TASK ITEM:
Print again, word for word, all of the records below, and leave the pictures out.

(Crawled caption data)
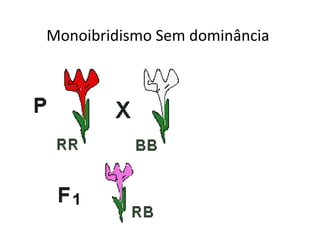Monoibridismo Sem dominância
 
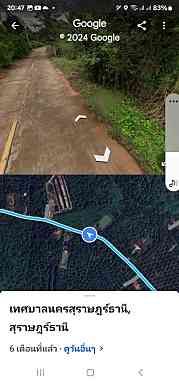 ขายที่ดิน สุราษฎร์ธานี 5-0-48.5 ไร่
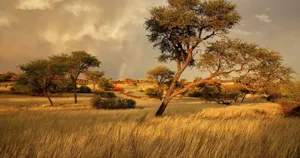 Faraway Rainbow In Africa 4k Wallpaper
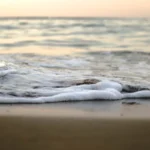 rising-salinity-driven-by-climate-change-threatens-microbial-diversity-in-freshwater-ecosystems-while-maintaining-overall-growth-rates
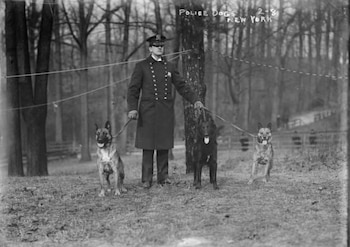 Fotografía en blanco y negro de un oficial de policía con uniforme de principios del siglo XX, de pie entre tres perros grandes con correas, en un entorno arbolado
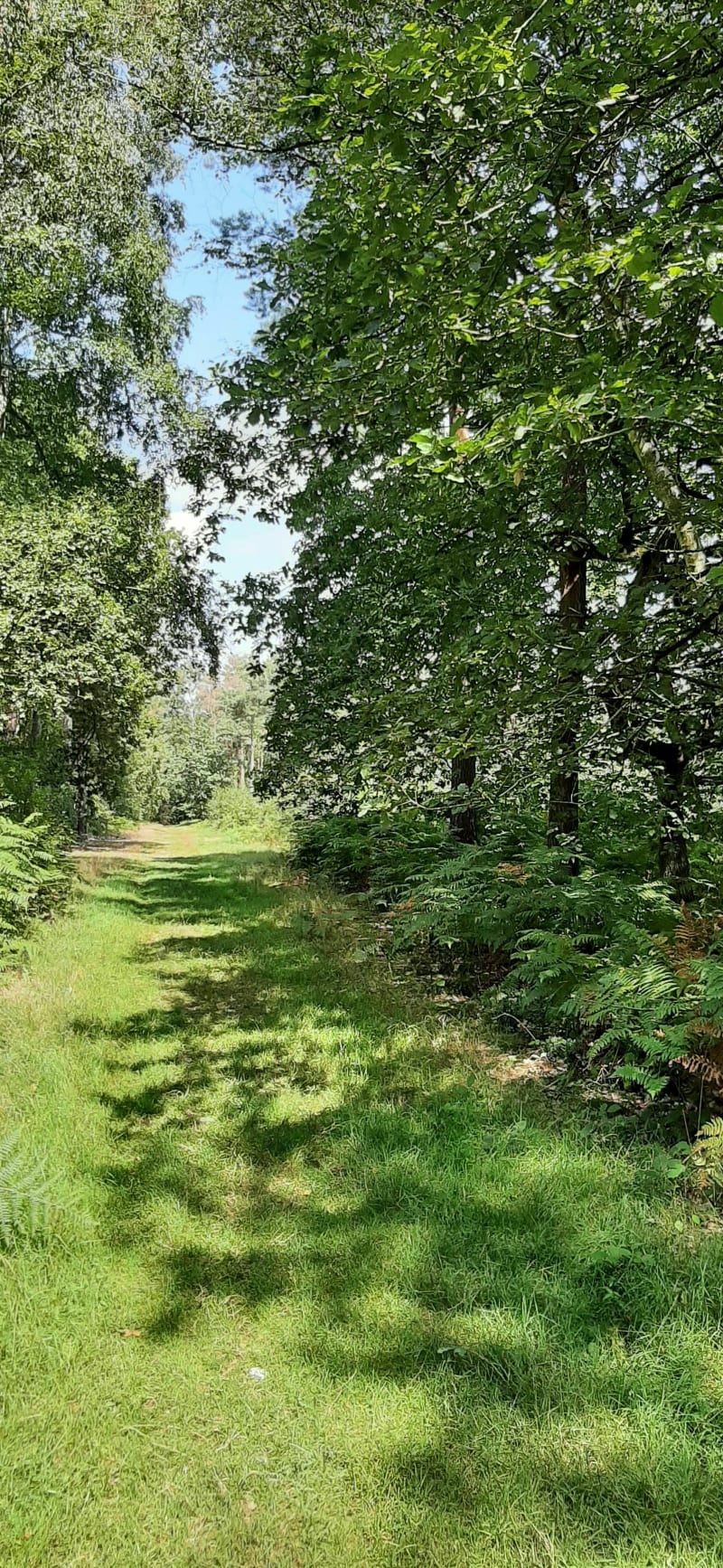 Balade à vélo toujours dans la forêt de la Londe Rouvray - Saint-Étienne-du-Rouvray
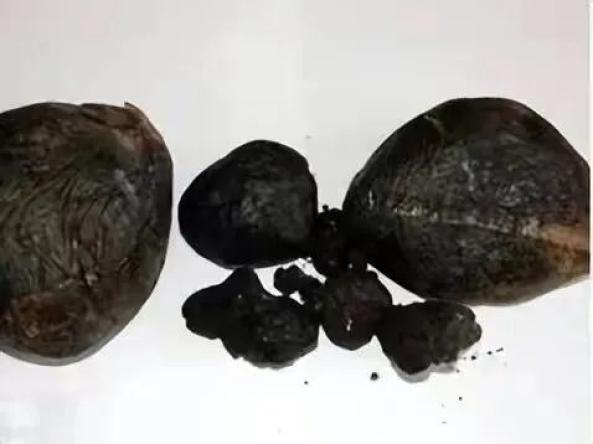 知识安全小报_知识安全小有趣手抄报_安全小知识有哪些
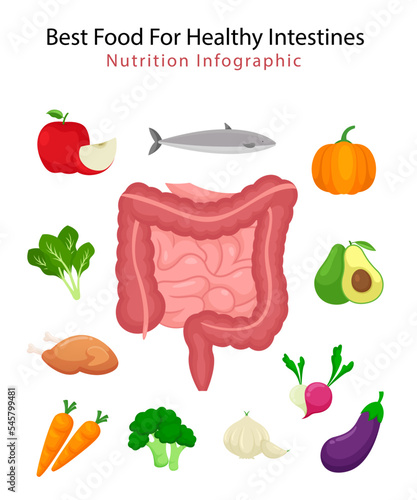 Best food for health intestines nutrition, health food illustration, nutrition infographic concept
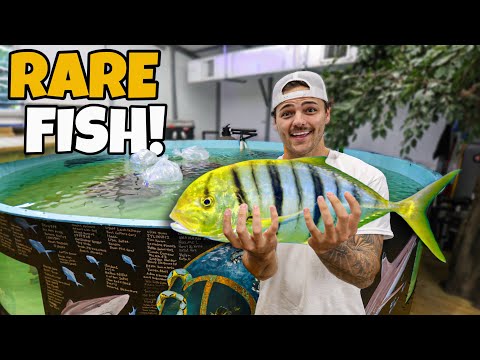 Buying MOST POWERFUL FISH for My SHARK POND!!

YOUR RESPONSE:
Monoibridismo Sem dominância
 
 ขายที่ดิน สุราษฎร์ธานี 5-0-48.5 ไร่
 Faraway Rainbow In Africa 4k Wallpaper
 rising-salinity-driven-by-climate-change-threatens-microbial-diversity-in-freshwater-ecosystems-while-maintaining-overall-growth-rates
 Fotografía en blanco y negro de un oficial de policía con uniforme de principios del siglo XX, de pie entre tres perros grandes con correas, en un entorno arbolado
 Balade à vélo toujours dans la forêt de la Londe Rouvray - Saint-Étienne-du-Rouvray
 知识安全小报_知识安全小有趣手抄报_安全小知识有哪些
 Best food for health intestines nutrition, health food illustration, nutrition infographic concept
 Buying MOST POWERFUL FISH for My SHARK POND!!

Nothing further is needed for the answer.